In both Tanzania and India, food systems have long reflected social ideas about status and modernity. Kizito Makoye
Africa

Tanzania’s school meals offer a climate-smart lesson India should not ignore

Climate-friendly pigeon pea and finger millets can together raise the nutritional value of cereal-heavy school meals, a study in Tanzania shows

Kizito Makoye

  • Tanzania's innovative approach to school meals offers valuable lessons for India.

  • By improving recipes and educating students, Tanzania has successfully shifted perceptions, making these nutritious foods more appealing.

  • This strategy highlights the importance of cultural acceptance and education in promoting climate-smart diets.

By mid-morning, the lunch bell rings at Babati Secondary School and children line up for a meal of finger millet porridge and rich pigeon pea stew served over rice.

These foods were once dismissed by many in Tanzania as unpleasant or old-fashioned. But in the town of Babati, such meals are gaining acceptance as part of efforts to improve nutrition and encourage more diverse diets.

“Honestly, we used to see finger millet porridge as something for little kids or poor families back in the village,” said Neema John, 16. “But now we really like it. When they don’t make it, we complain. It fills you up and gives you energy.”

The growing acceptance of these meals reflects a wider challenge confronting countries across the Global South: How to feed children better at a time when climate shocks, rising food prices and stubborn malnutrition are putting increasing pressure on food systems.

In Babati, one response is taking shape through school meals built around resilient local crops that can better withstand hotter and drier conditions, while also creating a steadier market for the farmers who grow them.

For India, the parallels are hard to miss. The country is a major producer and consumer of pigeon pea, known locally as tur or arhar, and one of the world’s largest producers of finger millet or ragi. In recent years, it has promoted millets as climate-smart crops and part of a more resilient food system. But Tanzania’s experience highlights a familiar problem: Crops praised in policy speeches and public campaigns do not automatically become foods children want to eat.

A 2020 study conducted in four schools in Dodoma and Manyara regions found that even a modest food education campaign could significantly change how students perceived pigeon pea and finger millet. Researchers worked with 2,822 students, along with cooks and teachers, to improve recipes, explain the crops’ nutritional value and allow students to taste and rate the meals themselves.

Negative perceptions fell by 70.3 per cent for pigeon pea and 79.5 per cent for finger millet. Fifteen months later, more than 95 per cent of students said they wanted the dishes to remain on school menus, suggesting that acceptance of climate-resilient foods can grow quickly when schools prepare them well and make them part of daily life.

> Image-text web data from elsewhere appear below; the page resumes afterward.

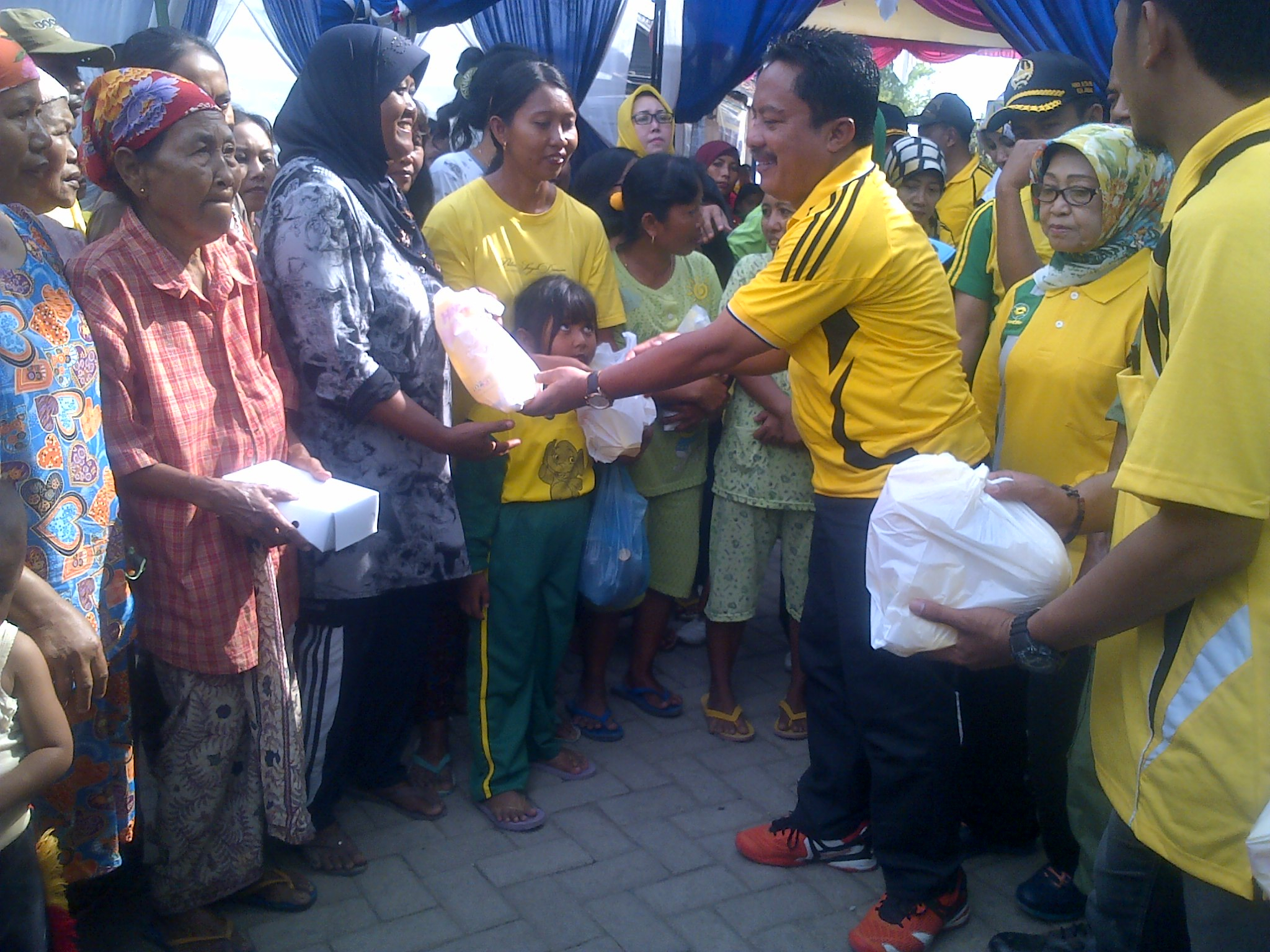 Jelang Puasa, Warga Miskin di Jombang Diberi Sembako Gratis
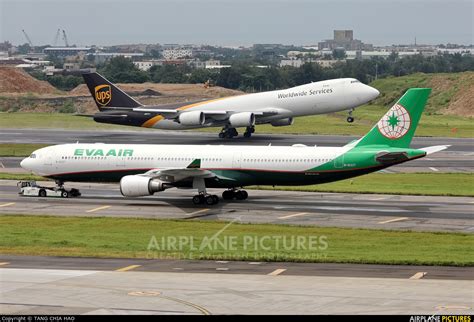 B 16337 Eva Air Airbus A330 300 At Taipei Taoyuan Intl Photo Id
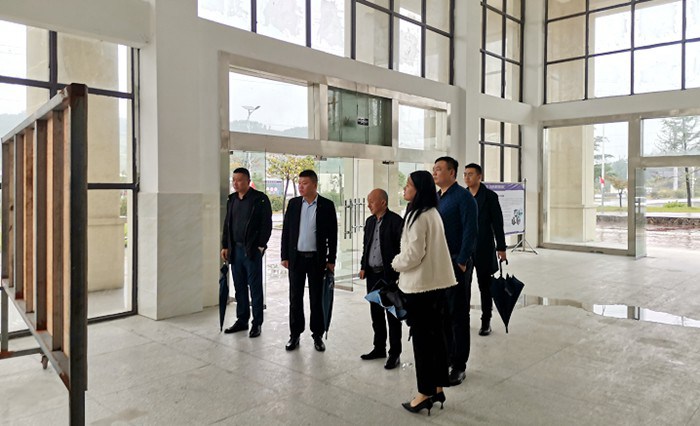 江苏启赫教育投资有限公司董事长江加左一行来我？疾旖涣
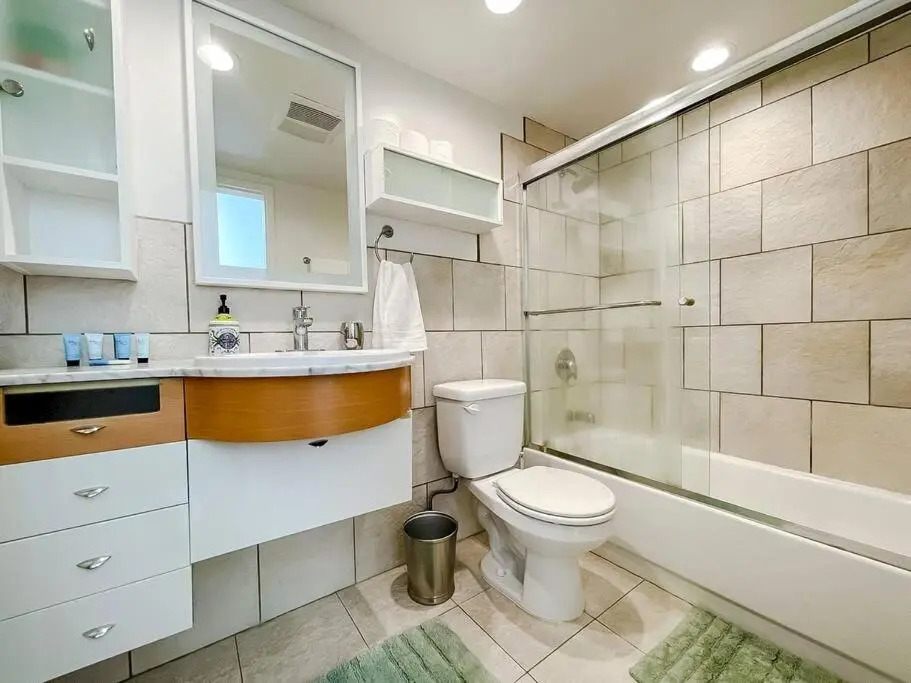 Supreme 2BD/3BA Condo - Los Angeles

“The change was quite surprising,” said Marieta Laizer, a teacher involved in school feeding activities in Manyara Region. “I could hardly imagine that students who once complained about the smell, the colour and even the texture would begin accepting the improved meals.”

The findings matter because school meals do more than fill stomachs. They help shape children’s tastes, eating habits and perceptions of food. In doing so, they influence which foods are valued and which crops communities come to see as modern, desirable and worth growing.

The study, conducted by researchers from the International Crops Research Institute for the Semi-Arid Tropics and their partners, took place in pigeon pea-growing areas of Dodoma and Manyara. In schools where menus typically revolved around maize porridge, ugali, rice and beans, researchers introduced improved recipes using pigeon pea and finger millet and tested whether better preparation and food education could shift how students viewed the crops.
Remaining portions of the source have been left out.